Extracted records
□ □ □
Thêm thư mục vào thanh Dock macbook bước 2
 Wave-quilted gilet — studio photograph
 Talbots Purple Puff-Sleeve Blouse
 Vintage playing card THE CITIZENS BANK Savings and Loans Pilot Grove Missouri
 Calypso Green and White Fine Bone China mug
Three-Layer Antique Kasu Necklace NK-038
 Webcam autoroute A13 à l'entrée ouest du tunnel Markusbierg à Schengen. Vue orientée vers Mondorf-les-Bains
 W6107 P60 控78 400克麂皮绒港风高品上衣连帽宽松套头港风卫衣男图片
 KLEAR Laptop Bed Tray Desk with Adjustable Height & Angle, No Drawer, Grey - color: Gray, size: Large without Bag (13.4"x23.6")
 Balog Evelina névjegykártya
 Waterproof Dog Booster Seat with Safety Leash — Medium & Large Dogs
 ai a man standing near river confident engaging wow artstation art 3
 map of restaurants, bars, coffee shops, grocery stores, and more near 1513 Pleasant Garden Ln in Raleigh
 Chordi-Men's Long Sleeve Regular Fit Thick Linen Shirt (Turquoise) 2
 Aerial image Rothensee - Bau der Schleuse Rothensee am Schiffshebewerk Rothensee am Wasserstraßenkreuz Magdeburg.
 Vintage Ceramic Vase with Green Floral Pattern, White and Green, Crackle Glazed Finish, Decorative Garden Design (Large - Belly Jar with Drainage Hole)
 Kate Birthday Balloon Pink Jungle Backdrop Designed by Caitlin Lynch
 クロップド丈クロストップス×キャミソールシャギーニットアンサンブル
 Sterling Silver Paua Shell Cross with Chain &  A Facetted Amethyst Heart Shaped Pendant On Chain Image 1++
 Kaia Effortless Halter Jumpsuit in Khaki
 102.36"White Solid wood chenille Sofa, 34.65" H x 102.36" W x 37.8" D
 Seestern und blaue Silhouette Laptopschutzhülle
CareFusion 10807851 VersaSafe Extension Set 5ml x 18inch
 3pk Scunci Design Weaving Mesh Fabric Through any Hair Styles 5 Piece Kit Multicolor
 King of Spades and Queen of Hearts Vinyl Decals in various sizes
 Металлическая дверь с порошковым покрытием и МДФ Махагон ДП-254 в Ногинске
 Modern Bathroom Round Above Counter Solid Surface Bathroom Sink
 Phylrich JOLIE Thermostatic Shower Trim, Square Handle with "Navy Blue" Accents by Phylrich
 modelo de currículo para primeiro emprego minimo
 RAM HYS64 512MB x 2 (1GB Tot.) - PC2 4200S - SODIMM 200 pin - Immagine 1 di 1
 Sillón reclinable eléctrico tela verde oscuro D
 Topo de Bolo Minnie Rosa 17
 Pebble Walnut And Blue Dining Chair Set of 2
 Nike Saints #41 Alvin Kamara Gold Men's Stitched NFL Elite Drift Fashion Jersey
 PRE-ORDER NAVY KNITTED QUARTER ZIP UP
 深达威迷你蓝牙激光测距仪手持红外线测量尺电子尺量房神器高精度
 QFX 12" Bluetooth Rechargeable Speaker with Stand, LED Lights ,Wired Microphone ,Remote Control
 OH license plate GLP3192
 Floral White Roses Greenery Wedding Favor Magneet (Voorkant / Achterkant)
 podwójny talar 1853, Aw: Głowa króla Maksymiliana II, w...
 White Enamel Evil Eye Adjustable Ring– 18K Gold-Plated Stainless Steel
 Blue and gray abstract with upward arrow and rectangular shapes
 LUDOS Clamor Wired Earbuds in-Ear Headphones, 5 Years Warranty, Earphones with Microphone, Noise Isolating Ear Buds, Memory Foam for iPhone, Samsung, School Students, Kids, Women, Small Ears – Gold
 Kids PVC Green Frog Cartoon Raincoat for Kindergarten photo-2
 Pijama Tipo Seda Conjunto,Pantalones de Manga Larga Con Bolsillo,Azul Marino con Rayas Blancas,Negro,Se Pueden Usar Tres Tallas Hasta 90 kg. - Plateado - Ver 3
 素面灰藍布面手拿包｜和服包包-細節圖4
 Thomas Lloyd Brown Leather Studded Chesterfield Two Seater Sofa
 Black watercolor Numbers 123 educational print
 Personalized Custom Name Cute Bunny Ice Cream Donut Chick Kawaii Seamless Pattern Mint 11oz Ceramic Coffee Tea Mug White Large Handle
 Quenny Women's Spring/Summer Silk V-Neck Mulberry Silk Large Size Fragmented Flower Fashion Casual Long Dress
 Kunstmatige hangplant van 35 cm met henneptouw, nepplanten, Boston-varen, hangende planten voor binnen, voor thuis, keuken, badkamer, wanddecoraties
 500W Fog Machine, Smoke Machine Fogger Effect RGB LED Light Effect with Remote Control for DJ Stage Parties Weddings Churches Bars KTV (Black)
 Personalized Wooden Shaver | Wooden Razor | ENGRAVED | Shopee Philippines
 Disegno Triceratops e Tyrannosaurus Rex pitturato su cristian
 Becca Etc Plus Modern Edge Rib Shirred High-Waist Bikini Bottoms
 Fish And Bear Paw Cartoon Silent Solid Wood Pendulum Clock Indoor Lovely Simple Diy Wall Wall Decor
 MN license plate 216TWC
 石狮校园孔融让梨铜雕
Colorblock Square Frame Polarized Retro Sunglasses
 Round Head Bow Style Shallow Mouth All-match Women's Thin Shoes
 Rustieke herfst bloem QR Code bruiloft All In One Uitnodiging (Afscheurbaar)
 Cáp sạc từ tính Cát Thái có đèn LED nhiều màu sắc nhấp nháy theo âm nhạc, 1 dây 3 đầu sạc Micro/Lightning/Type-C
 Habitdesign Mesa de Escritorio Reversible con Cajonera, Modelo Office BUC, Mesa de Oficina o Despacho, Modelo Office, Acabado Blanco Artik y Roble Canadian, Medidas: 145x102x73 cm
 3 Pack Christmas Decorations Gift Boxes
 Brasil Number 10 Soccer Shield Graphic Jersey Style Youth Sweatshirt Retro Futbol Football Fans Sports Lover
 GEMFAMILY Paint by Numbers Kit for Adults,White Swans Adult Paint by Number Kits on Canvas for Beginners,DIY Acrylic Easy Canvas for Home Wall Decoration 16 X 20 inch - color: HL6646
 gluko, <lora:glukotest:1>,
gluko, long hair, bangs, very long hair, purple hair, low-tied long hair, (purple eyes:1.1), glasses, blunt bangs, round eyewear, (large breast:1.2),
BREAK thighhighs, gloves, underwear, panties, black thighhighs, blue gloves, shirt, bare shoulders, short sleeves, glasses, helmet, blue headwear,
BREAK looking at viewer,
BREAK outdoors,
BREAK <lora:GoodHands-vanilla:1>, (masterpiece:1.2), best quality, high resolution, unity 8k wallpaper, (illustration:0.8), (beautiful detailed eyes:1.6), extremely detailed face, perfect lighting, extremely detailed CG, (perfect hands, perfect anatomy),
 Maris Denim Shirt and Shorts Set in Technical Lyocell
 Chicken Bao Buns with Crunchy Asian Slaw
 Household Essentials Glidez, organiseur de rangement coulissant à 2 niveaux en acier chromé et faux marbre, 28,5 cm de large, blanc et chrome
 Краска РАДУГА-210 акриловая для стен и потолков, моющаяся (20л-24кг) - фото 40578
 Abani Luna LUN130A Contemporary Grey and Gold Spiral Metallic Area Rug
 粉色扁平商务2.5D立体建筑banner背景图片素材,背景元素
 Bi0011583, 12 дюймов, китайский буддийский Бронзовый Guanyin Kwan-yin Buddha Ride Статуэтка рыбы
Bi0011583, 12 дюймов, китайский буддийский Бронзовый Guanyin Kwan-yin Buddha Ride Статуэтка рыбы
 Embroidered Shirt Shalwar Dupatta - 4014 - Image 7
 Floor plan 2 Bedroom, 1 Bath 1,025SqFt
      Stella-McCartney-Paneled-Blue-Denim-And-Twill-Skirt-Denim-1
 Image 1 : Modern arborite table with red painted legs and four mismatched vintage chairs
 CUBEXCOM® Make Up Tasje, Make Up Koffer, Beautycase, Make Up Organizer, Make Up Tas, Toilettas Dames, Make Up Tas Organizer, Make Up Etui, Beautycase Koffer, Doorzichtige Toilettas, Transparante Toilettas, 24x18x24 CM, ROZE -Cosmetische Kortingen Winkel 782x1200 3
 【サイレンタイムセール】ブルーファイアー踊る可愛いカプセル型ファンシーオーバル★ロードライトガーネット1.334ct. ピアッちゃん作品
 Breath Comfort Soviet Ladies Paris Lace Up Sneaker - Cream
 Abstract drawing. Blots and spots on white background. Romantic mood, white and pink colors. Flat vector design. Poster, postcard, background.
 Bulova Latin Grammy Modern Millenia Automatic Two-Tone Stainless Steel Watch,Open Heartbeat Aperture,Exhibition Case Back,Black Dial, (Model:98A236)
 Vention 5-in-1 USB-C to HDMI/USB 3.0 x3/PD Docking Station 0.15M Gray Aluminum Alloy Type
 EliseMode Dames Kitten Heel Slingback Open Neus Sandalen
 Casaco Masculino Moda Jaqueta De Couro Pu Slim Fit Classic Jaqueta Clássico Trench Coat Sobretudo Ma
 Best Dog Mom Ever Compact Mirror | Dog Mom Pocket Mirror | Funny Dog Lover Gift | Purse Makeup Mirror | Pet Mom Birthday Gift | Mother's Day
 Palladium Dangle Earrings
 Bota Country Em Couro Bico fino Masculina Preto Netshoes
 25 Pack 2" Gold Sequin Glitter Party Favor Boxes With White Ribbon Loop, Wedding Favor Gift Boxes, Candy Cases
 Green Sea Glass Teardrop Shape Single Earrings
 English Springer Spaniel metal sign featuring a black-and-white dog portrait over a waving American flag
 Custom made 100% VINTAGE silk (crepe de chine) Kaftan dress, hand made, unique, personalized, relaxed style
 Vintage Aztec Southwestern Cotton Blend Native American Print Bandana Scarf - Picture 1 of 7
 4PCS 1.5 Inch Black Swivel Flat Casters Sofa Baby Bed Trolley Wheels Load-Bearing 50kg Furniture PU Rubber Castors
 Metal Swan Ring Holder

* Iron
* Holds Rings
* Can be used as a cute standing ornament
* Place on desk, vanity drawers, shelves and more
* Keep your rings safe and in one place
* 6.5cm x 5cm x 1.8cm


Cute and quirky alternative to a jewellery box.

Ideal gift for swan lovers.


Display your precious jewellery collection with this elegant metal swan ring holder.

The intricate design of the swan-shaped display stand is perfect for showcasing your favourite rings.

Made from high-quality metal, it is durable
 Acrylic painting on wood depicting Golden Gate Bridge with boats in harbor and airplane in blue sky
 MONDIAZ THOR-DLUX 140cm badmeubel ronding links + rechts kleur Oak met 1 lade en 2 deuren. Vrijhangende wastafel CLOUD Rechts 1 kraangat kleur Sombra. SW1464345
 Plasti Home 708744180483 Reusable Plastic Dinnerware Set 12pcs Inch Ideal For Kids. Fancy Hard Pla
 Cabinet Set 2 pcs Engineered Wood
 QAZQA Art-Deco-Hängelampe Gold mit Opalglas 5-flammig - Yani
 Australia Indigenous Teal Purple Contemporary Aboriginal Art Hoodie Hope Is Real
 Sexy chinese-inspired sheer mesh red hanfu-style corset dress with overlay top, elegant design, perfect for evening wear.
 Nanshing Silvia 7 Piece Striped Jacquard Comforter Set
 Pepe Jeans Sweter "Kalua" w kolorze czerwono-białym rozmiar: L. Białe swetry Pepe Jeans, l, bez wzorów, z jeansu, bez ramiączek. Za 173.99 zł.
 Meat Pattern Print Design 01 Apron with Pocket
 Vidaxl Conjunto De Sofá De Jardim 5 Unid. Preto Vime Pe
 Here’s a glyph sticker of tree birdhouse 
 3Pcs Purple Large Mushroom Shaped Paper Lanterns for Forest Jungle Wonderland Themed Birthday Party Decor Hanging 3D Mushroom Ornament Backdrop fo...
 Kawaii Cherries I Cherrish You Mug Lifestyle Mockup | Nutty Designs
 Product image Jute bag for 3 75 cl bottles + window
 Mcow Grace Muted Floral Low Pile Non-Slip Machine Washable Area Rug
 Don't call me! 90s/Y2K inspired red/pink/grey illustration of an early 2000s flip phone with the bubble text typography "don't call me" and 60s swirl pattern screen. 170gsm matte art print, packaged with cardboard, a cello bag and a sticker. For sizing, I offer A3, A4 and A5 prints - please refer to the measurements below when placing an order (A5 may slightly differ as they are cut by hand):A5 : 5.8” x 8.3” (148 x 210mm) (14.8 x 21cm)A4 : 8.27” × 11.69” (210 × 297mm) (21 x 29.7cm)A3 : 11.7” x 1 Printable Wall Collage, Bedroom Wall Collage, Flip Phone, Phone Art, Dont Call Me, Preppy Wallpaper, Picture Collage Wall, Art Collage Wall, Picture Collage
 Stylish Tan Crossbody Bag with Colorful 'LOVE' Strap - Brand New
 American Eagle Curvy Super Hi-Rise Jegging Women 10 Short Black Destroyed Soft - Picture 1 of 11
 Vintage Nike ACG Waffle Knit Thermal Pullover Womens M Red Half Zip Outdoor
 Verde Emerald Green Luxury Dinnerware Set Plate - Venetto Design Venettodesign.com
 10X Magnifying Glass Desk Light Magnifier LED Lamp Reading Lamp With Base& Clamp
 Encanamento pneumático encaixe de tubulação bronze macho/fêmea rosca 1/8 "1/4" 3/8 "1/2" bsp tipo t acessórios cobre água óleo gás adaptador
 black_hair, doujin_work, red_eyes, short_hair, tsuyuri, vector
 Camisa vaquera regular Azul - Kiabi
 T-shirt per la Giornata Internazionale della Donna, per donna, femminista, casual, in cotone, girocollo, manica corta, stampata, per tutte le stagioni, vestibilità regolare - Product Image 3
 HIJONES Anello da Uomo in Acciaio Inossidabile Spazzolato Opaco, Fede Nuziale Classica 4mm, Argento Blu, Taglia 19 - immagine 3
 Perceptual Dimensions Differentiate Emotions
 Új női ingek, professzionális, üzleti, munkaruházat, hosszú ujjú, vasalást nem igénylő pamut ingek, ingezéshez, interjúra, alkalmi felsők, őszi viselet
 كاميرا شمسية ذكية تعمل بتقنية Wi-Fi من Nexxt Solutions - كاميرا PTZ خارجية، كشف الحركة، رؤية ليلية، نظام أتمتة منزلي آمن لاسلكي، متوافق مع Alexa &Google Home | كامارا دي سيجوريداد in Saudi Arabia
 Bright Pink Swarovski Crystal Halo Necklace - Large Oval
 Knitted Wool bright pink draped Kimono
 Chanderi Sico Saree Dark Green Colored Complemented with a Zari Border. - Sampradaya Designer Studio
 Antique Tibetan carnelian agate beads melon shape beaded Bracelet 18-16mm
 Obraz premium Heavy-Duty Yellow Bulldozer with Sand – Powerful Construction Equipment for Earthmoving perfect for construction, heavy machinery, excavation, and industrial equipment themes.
□ □ □
**Try it**
From the records above, copy each line that contains the word "Microphone".

**Solution for this exercise**
 QFX 12" Bluetooth Rechargeable Speaker with Stand, LED Lights ,Wired Microphone ,Remote Control
 LUDOS Clamor Wired Earbuds in-Ear Headphones, 5 Years Warranty, Earphones with Microphone, Noise Isolating Ear Buds, Memory Foam for iPhone, Samsung, School Students, Kids, Women, Small Ears – Gold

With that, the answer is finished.